Best Sample Size for Dissertations
Survey is now a basic tool in social sciences and in some fields of specialization which reliance is from the sampling procedures. Little or unacceptable knowledge will be gained if the sample size is poorly designed and executed: no matter how good the questions are and no matter how impressive the analysis is (Kalton, 1987, p. 4).
The important question of how to determine the size of the sample is vital for estimating the parameters (Singh and Chaudhary, 1986, p. 38). Our common sense would suggest that a large sample size will be better than a small one since an increase in sample size will decrease the sampling error.
This is not always the case because, for example, having a large sample size with a sampling frame with very similar types of respondents will just be a waste of time. Determining the best sample size will thus depend on the compromise of practical constraints (i. e. money, time, ethical issues) and theoretical considerations. For the simplicity of analysis, given that there are no practical constraints, the following are the rule of thumb: 1. ) If the population is about 50 or less, it is best to sample the whole population; 2. If you have to sample a population of 50 or more, then try to sample around 30 and 3. ) If you will be using stratified sampling, aim to have at least five sampling units from each stratum or category (White, 2002, p. 65-66). With the load of work dissertation requires researchers can not help but to consider the practical constraints. The credibility of the study can thus be sacrificed so it must be the goal of the researcher to find ways to maintain credibility while considering constraints.

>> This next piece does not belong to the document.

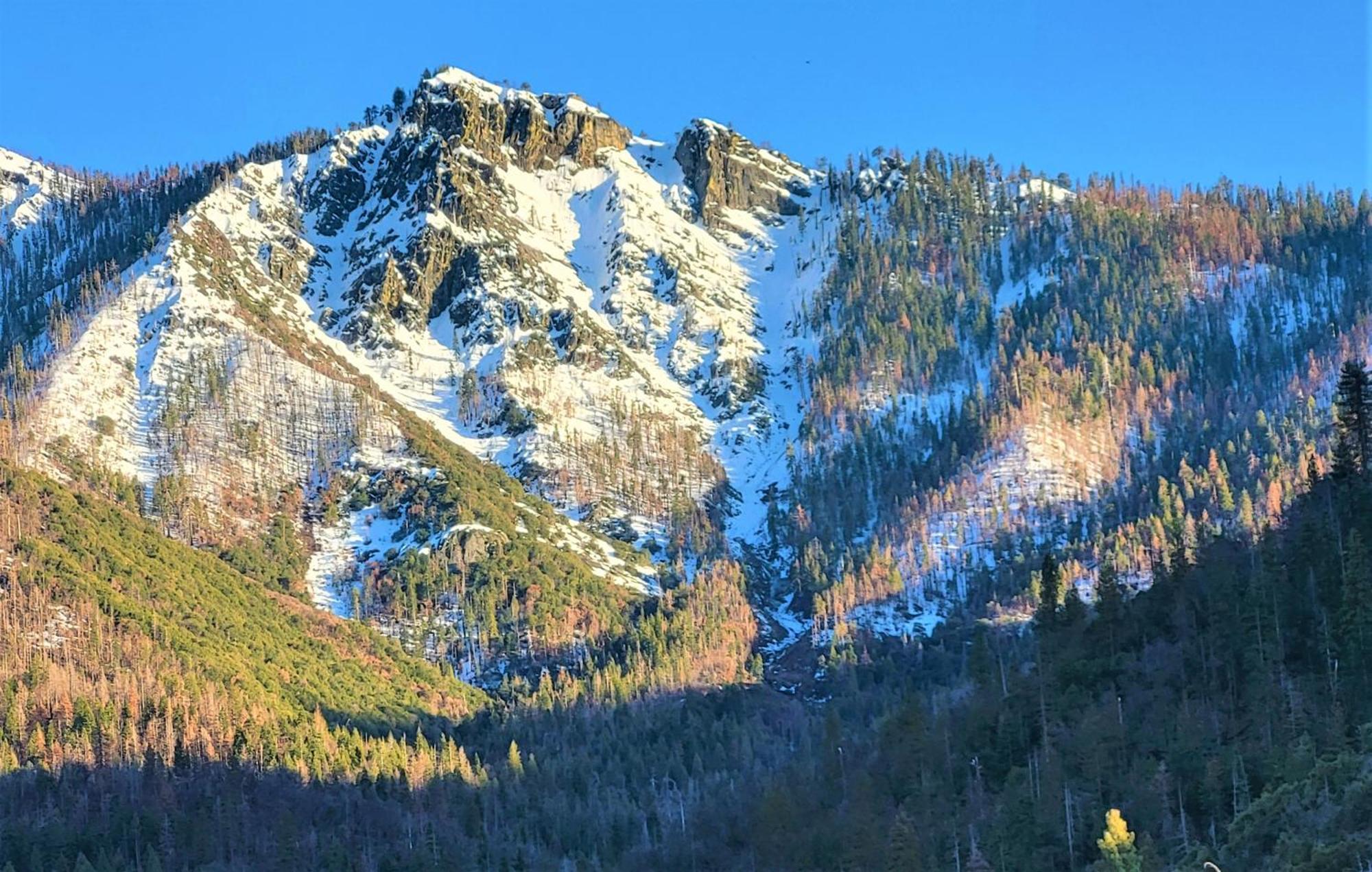 Redwood Retreat, Mountains, Adventure And Nature Ponderosa Buitenkant foto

Researcher bias is another issue that may hinder the determination and use of sample size because unless it is a purposive sampling, samples should represent the whole population as much as possible. For example, a bias researcher will decide a sample size that is easy for him to gather and that is fit for his/her desired results. There can never be a perfect or right sample size but there is always a best sample size depending on the nature of your study and on the given population.